Dr. A, Impresario and Tour Manager

One of Dr. Armstrong’s money-raising endeavors was leading group tours to England, France and Italy, in the footsteps of Robert and Elizabeth Barrett Browning (see “Dr. A. Travelin’ Man”). He and Mrs. A. founded Armstrong Educational Tours in 1912, the year that Dr. A. became English department head at Baylor. Dr. A., who loved to travel, served as well-informed tour guide to Great Britain, France and Italy — and other places — during more than 30 summers, while Mrs. A. served as business manager of the tour company, with offices in Waco and France. Profit from the tours helped the couple continue to build the Browning Collections,which they gave to Baylor in 1918. In 1924, a Browning Room was created for the collections in the Carroll Library, the University’s main library for many years. Armstrong Educational Tours, however, was not the only fund-raising effort by the Armstrongs.

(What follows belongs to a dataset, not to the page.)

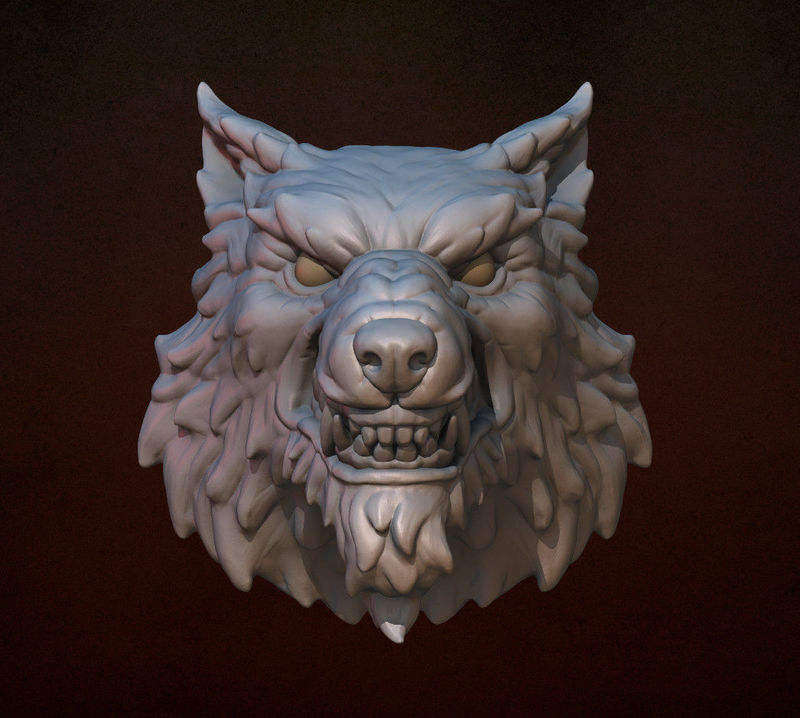 Wolf head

Dr. Armstrong, more or less out of necessity, also became an impresario and tour manager. He was determined to enrich the lives of Baylorites (and Wacoans) by arranging for then-famous practitioners of various arts and humanities to come to the campus to perform or speak. In the early years of the twentieth century this was not easy to do. Waco, Texas (nicknamed “Six-shooter Junction” in the 19th century) was then well off the beaten track for poets, theater companies, opera singers, dance companies, lecturers, writers of fiction and nonfiction,etc.

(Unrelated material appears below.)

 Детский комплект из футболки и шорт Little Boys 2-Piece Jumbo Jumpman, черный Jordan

As Dr. A. began to contact individuals and companies and invite them to visit Baylor some said, in so many words, that they would be glad to do so IF he could arrange additional appearances across the south-central or southwestern area of the country. Not one to duck a challenge, Dr. A. did that for many of the individuals and companies. For instance, he brought approximately forty poets to the campus, including Carl Sandburg, Robert Frost, Edna St. Vincent Millay, Vachel LIndsay, Edwin Markham, Edgar Lee Masters, Amy Lowell, and the British poets John Masefield and Alfred Noyes. Poet/man-of-letters William Butler Yeats and his wife visited Baylor during the University’s Golden Jubilee celebration and Mr. Yeats gave a “modest, yet magnificent” address before an audience of eighteen hundred– some of whom had difficulty understanding his strong English accent. John Gould Fletcher was the thirty-seventh poet brought to Baylor. The imagist poet from Arkansas had won the Pulitzer Prize for Poetry in 1939.

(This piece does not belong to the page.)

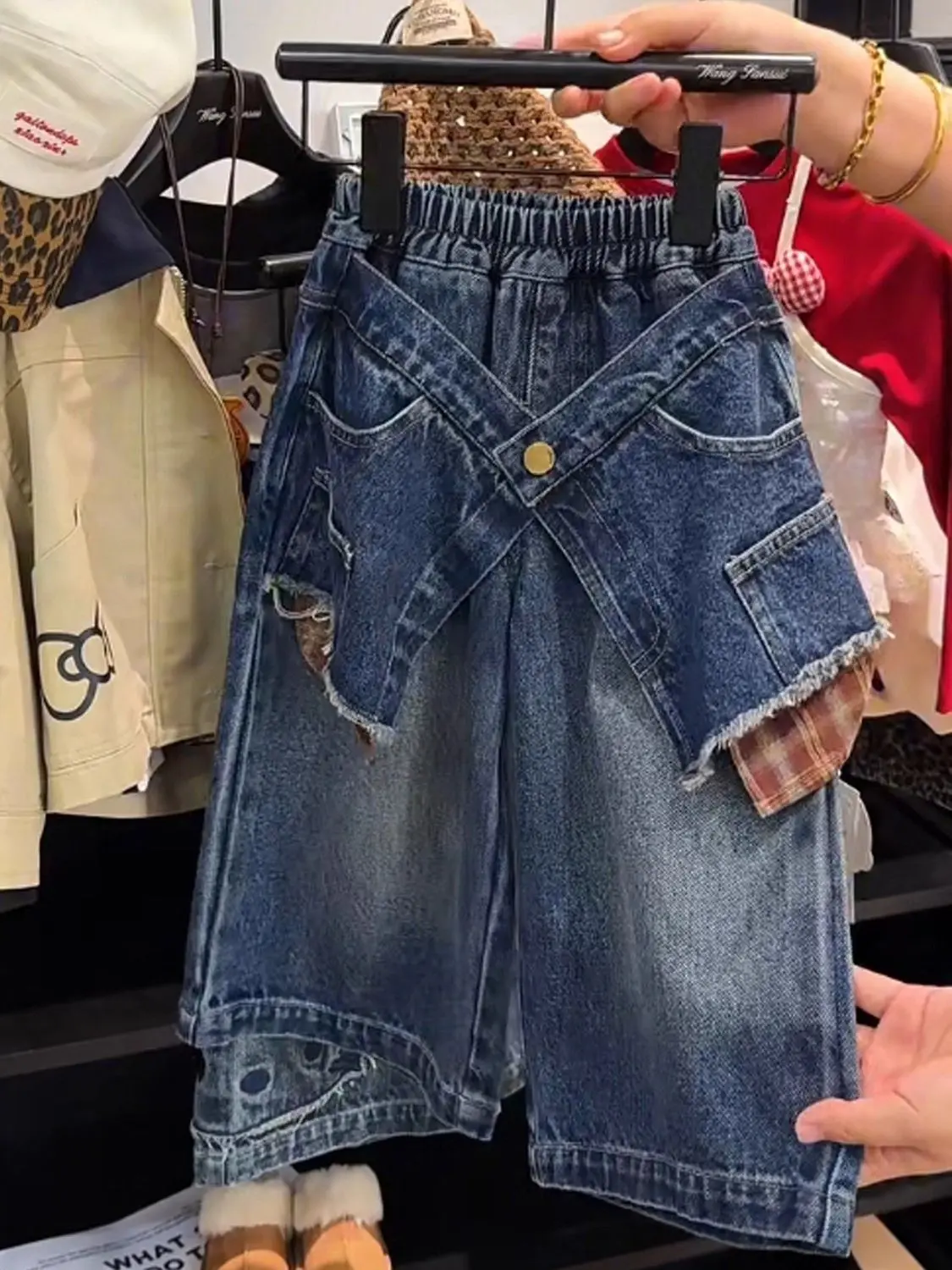 

Girls' Pants Autumn and Spring Outfit New Children's Wide Leg Pants Baby Loose and All-match Kids Fashion Pants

Naturally, Dr. Armstrong did not just invite poets. He was interested in people who were successful in all literary and artistic fields and brought them to the University whenever possible.  In 1921, the Nobel prize-winning Indian philosopher and poet Rabindranath Tagore came to Baylor. Sinclair Lewis, American novelist, short-story writer and playwright came to Baylor in 1944. In 1930, Lewis had became the first writer from the United States to be awarded the Nobel Prize in Literature. When he arrived, Lewis was quite negative about a Browning collection being developed in the United States, rather than in England. Later, he said the Browning collection was justified due to the philosophy of its builder.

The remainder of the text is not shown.